_Exercise_
Apart from the pictures, every part of the records below gets retyped exactly.

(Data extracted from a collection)
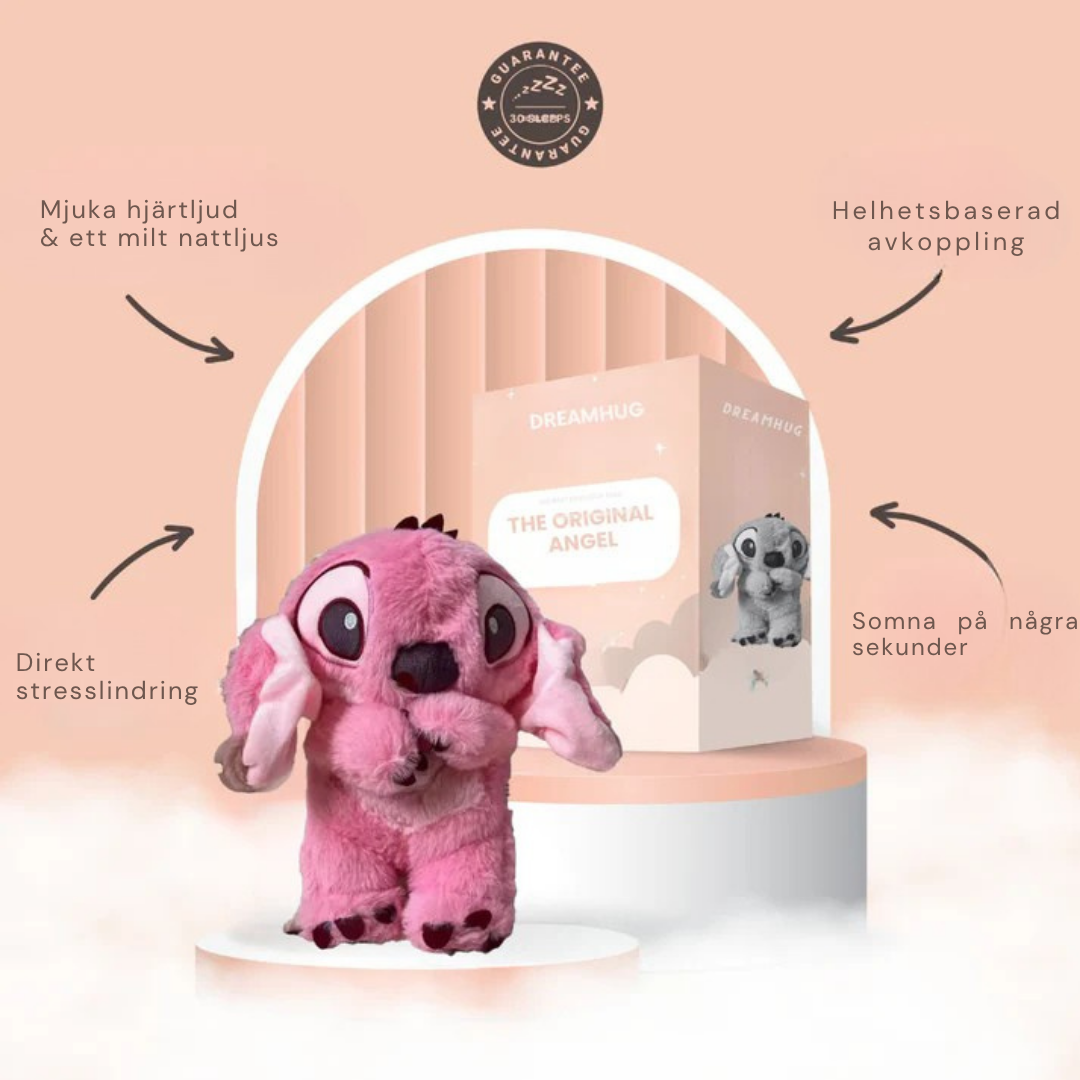 Relief Buddy™ – Mjuk lugn för en avslappnad kväll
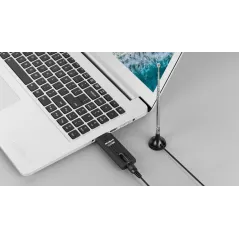 Tuner cyfrowy USB DVB-T2 H.265 HEVC REBEL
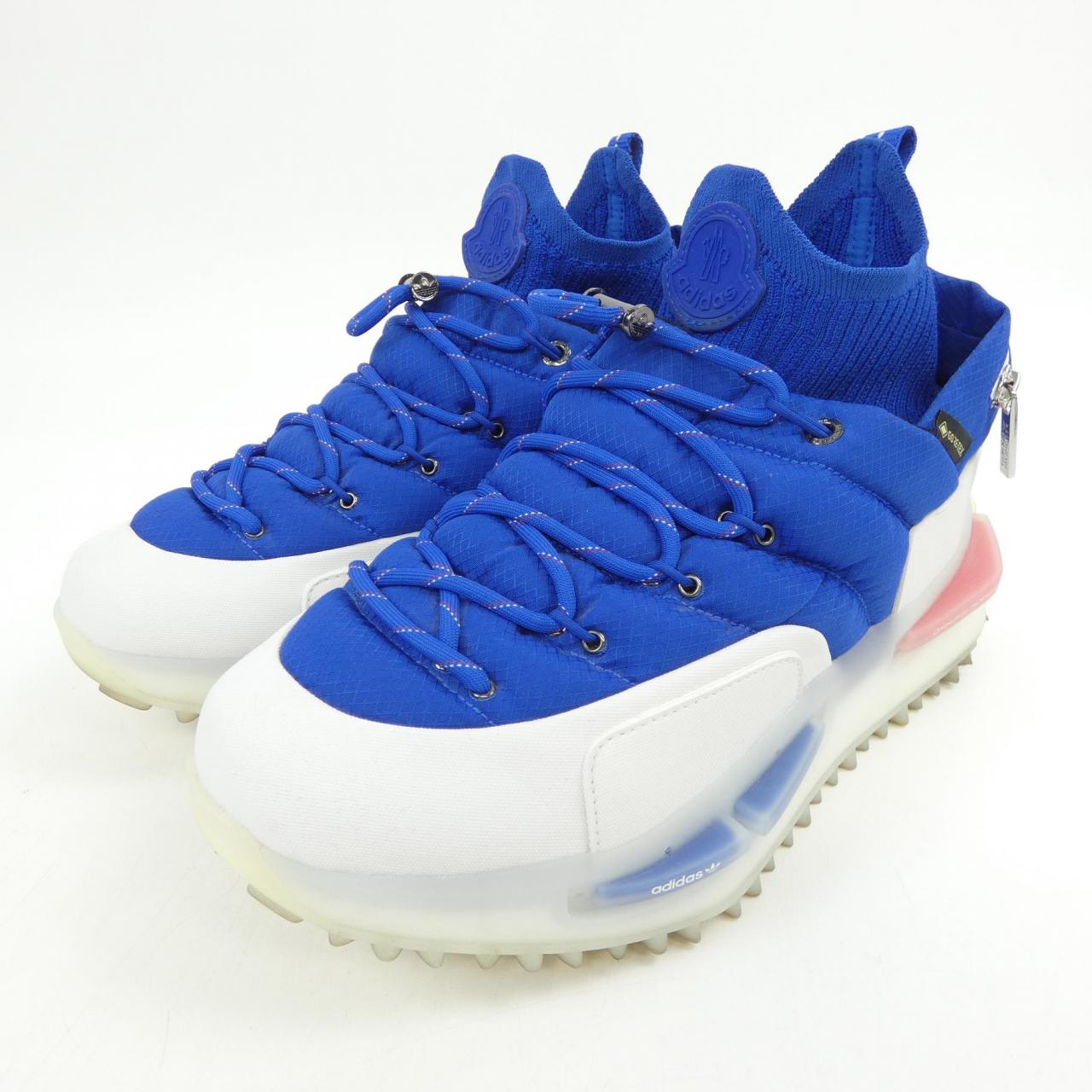 モンクレール MONCLER NMD RUNNER ADIDAS スニーカー
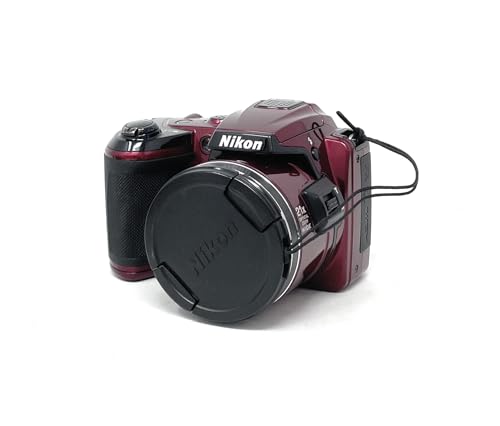 Nikon Coolpix L120 Appareil photo numérique compact 14,1 Mpix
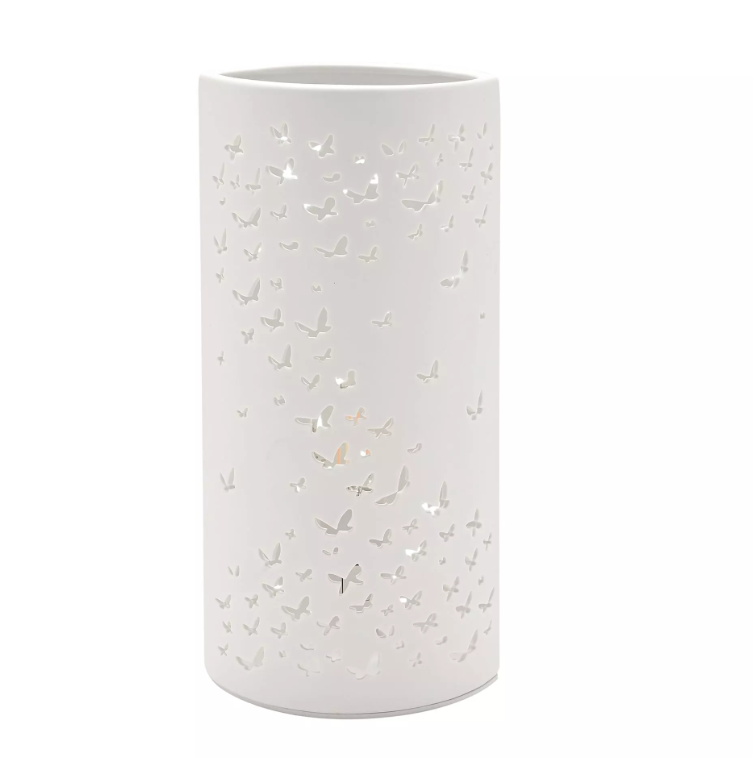 Hestia Butterfly Tube Lamp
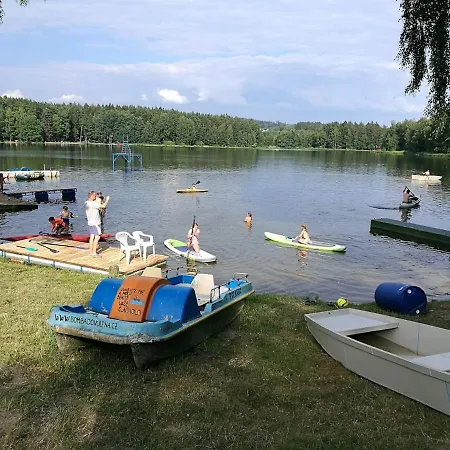 Chatrek - chatová osada Kunžak Kunžak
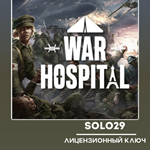 WAR HOSPITALSTEAM КЛЮЧ РФ/СНГ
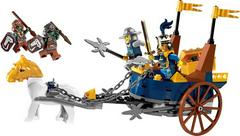 LEGO Set | King's Battle Chariot LEGO Castle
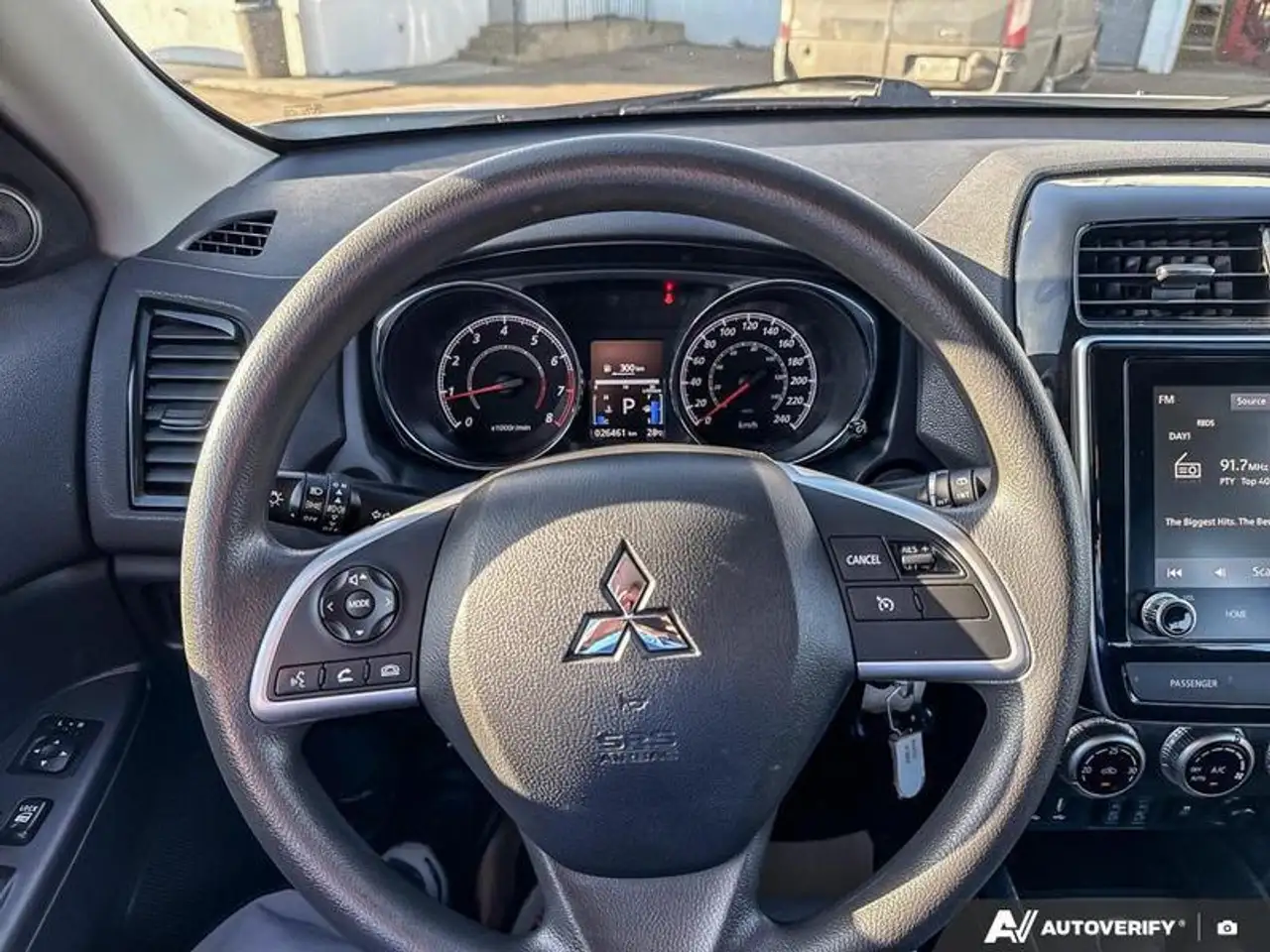 Mitsubishi RVR снимка Mitsubishi RVR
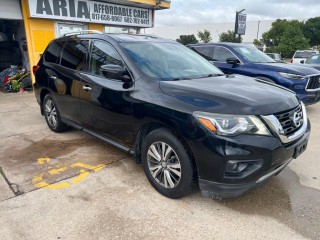 Image for 2018 Nissan Pathfinder SV ID: 6816055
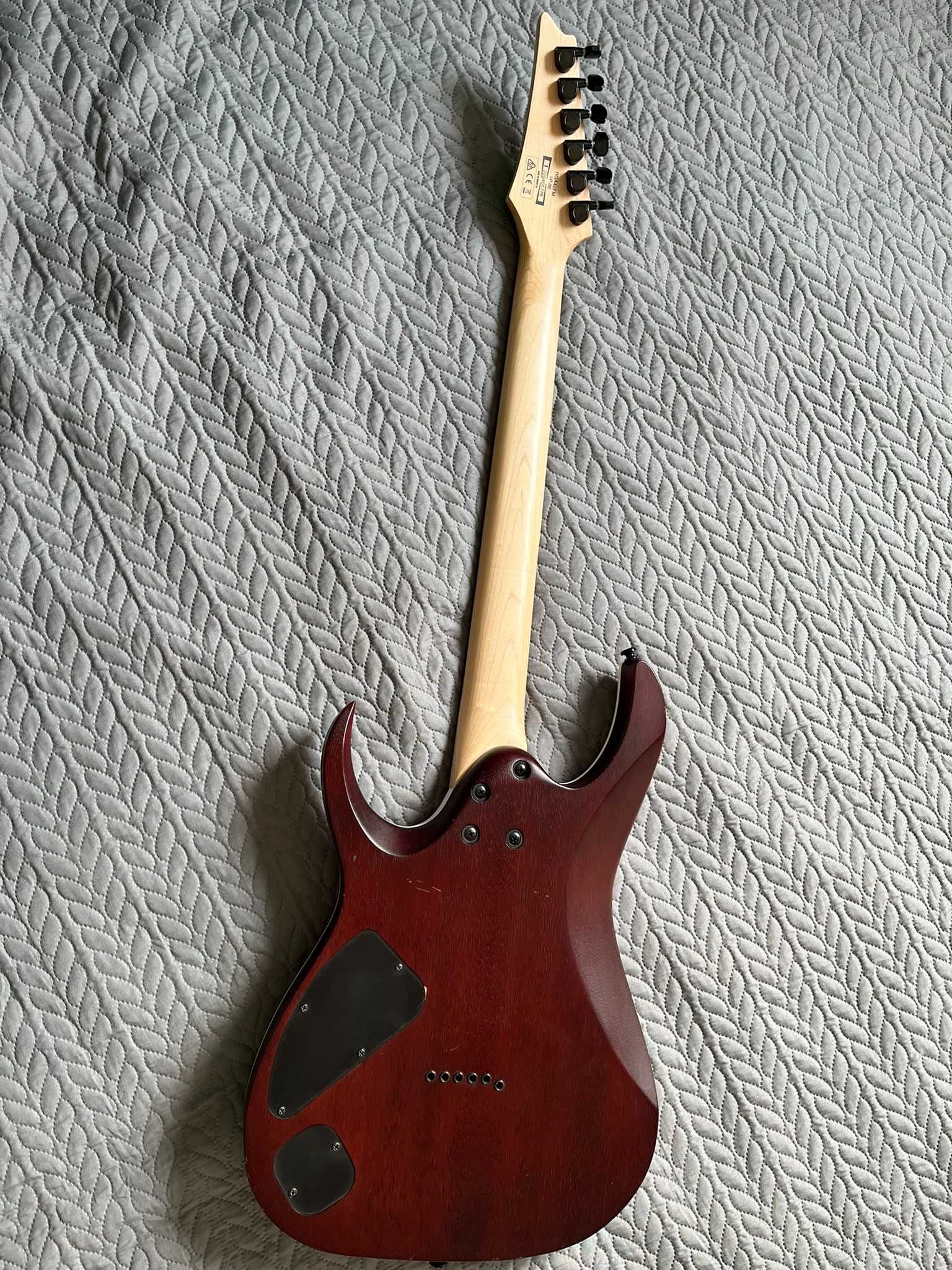 Gitara elektryczna Ibanez RGA42FM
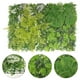 thumbnail image 3 of Paneles de pared de césped Paneles de pared de césped sintético Paneles de césped artificial Revestimiento de pared con vegetación para jardín, 3 of 8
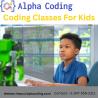 coding classes for kids  | Alpha Coding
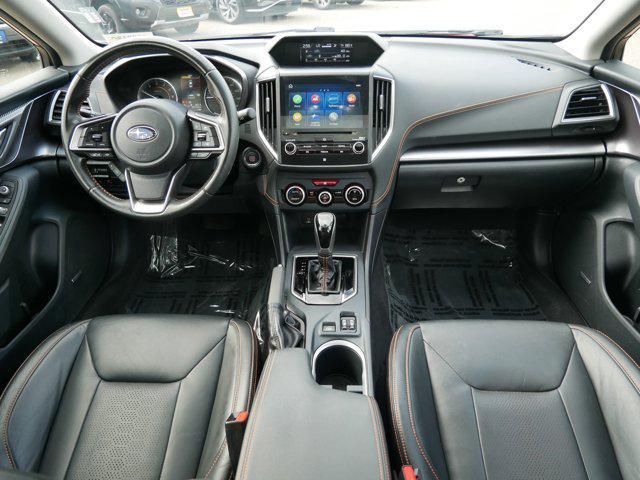 used 2022 Subaru Crosstrek car, priced at $22,796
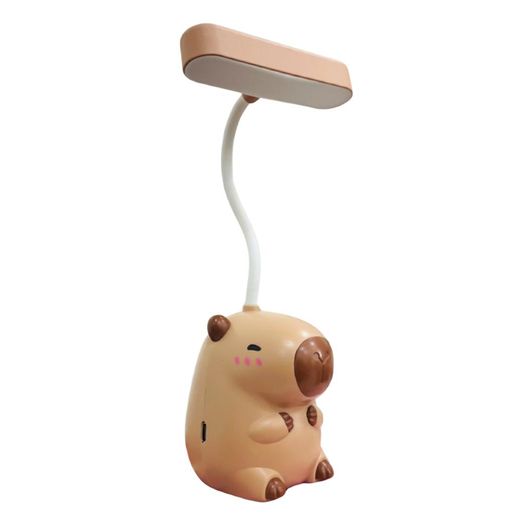 luminária capivara luminária capivara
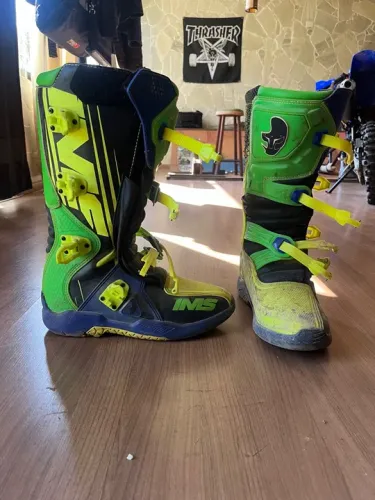 Bota motocross  IMS tam 46
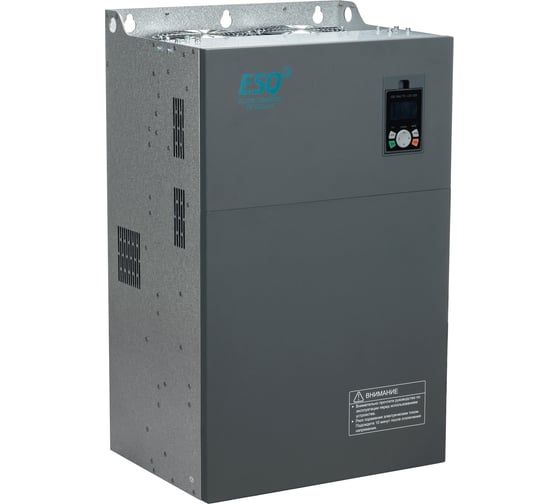 Частотный преобразователь ESQ -770-4T2200G/2500P 220/250кВт, 380В 08.04.304528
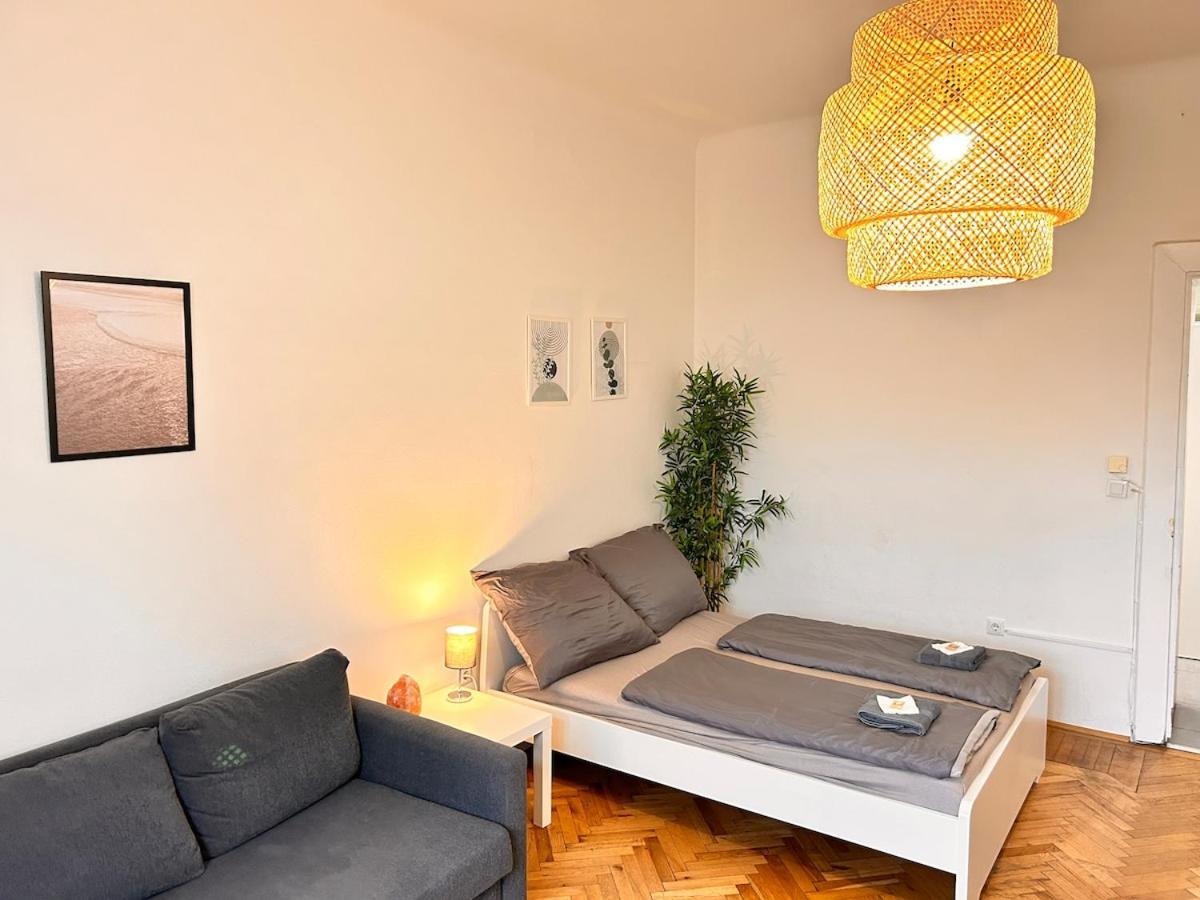 Apartment Bright & Cozy In Center 32 New Wien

_Solution to the exercise_
 Relief Buddy™ – Mjuk lugn för en avslappnad kväll
 Tuner cyfrowy USB DVB-T2 H.265 HEVC REBEL
 モンクレール MONCLER NMD RUNNER ADIDAS スニーカー
 Nikon Coolpix L120 Appareil photo numérique compact 14,1 Mpix
 Hestia Butterfly Tube Lamp
 Chatrek - chatová osada Kunžak Kunžak
 WAR HOSPITALSTEAM КЛЮЧ РФ/СНГ
 LEGO Set | King's Battle Chariot LEGO Castle
 Mitsubishi RVR снимка Mitsubishi RVR
 Image for 2018 Nissan Pathfinder SV ID: 6816055
 Gitara elektryczna Ibanez RGA42FM
 thumbnail image 3 of Paneles de pared de césped Paneles de pared de césped sintético Paneles de césped artificial Revestimiento de pared con vegetación para jardín, 3 of 8
 coding classes for kids  | Alpha Coding
 used 2022 Subaru Crosstrek car, priced at $22,796
 luminária capivara luminária capivara
 Bota motocross  IMS tam 46
 Частотный преобразователь ESQ -770-4T2200G/2500P 220/250кВт, 380В 08.04.304528
 Apartment Bright & Cozy In Center 32 New Wien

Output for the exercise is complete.